Hair-cell function can be restored in certain cells

“Our discovery shows that hair-cell function can be restored in certain cells,” says co-senior author Uri Manor, PhD, assistant research professor and director of the Waitt Advanced Biophotonics Core at Salk. “I was born with severe to profound hearing loss and feel it would be a wonderful gift to be able to provide people with the option to have hearing.”

The cochlea, a spiral tube structure in the inner ear, enables us to hear and distinguish different sound frequencies. Low-frequency regions of the cochlea have longer stereocilia while high-frequency regions have shorter stereocilia. When sound travels through the ear, fluid in the cochlea vibrates, causing the hair-cell stereocilia to vibrate. These hair cells send signals to neurons, which pass on information about the sounds to the brain.

Manor previously discovered that the EPS8 protein is essential for normal hearing function because it regulates the length of hair-cell stereocilia. Without EPS8, the hairs are short. Concurrently, co-senior author Walter Marcotti, PhD, professor at the University of Sheffield, discovered that in the absence of EPS8 the hair cells also do not develop properly.

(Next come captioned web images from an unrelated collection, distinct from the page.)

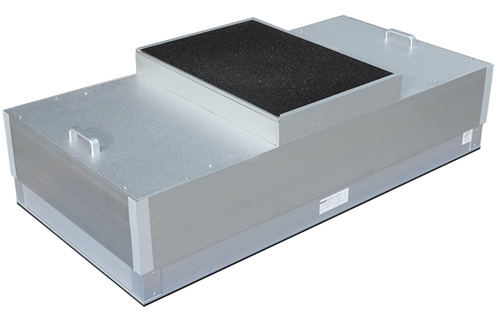 FFU風(fēng)機(jī)過濾器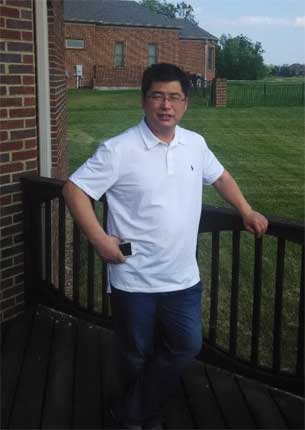 陈树君- 变极性等离子弧焊接电弧物理/ 特种能场焊接机理专家- 融合动力网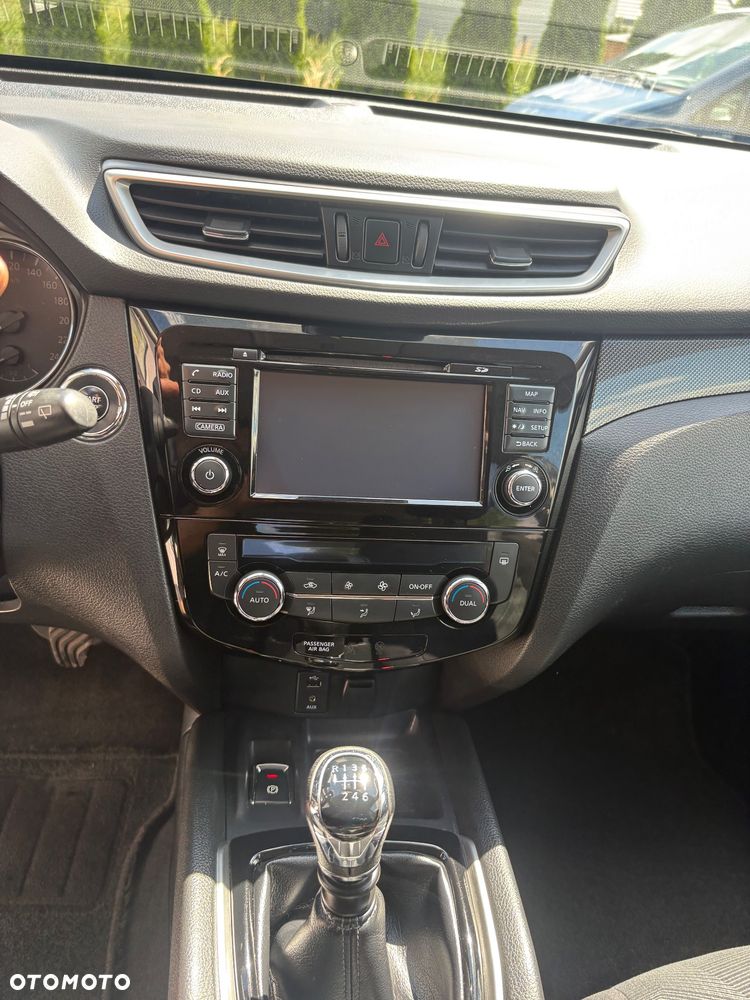 Nissan X-Trail 1.6 DCi Tekna 2WD - 29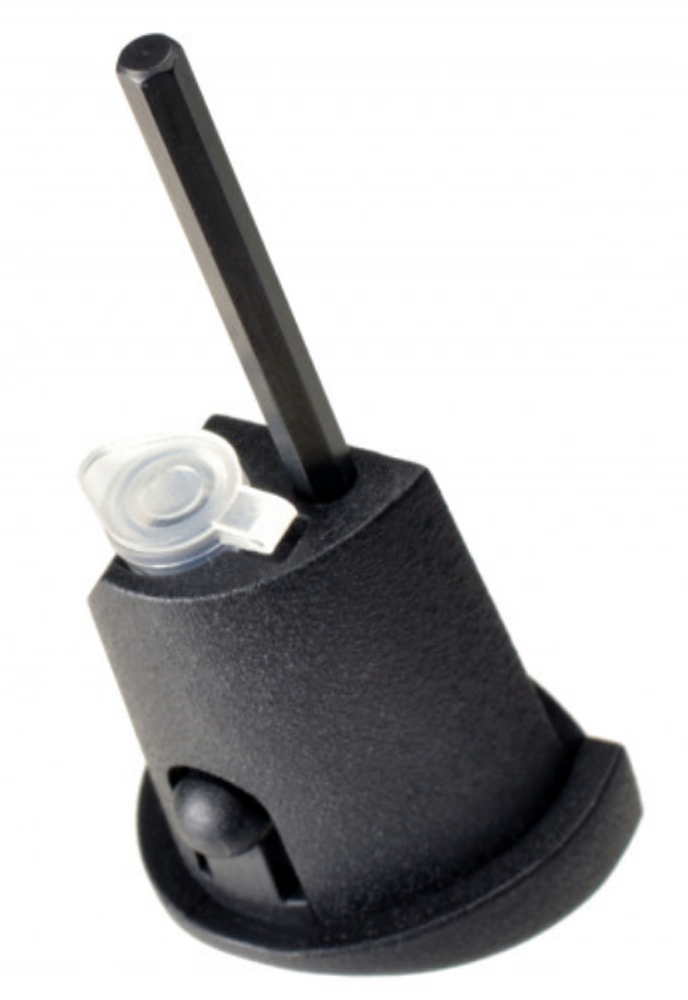 Strike Grip Plug Tool, Si G-gpt Grip Plug Tool For Glock
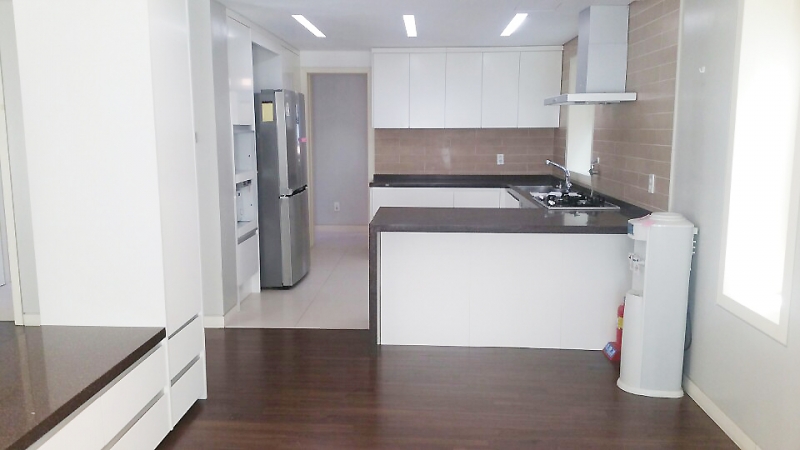 Seocho-dong Single House For Rent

For this study, Manor and Marcotti joined forces to see if adding EPS8 to stereocilia hair cells could restore their function to improve hearing in mice. Using a virus to help deliver the protein to hair cells, the team introduced EPS8 into the inner ears of deaf mice who lacked EPS8. They then used detailed imaging to characterize and measure the hair-cell stereocilia.

The team found that EPS8 increased the length of the stereocilia and restored hair- cell function in low-frequency cells. They also found that after a certain age, the cells seemed to lose their ability to be rescued by this gene therapy.

“EPS8 is a protein with many different functions, and we still have a lot more to uncover about it,” notes Manor. “I am committed to continuing to study hearing loss and am optimistic that our work can help lead to gene therapies that restore hearing.”

Future research will include looking at how well EPS8 gene therapy might work to restore hearing during different developmental stages, and whether it might be possible to lengthen the therapeutic window of opportunity.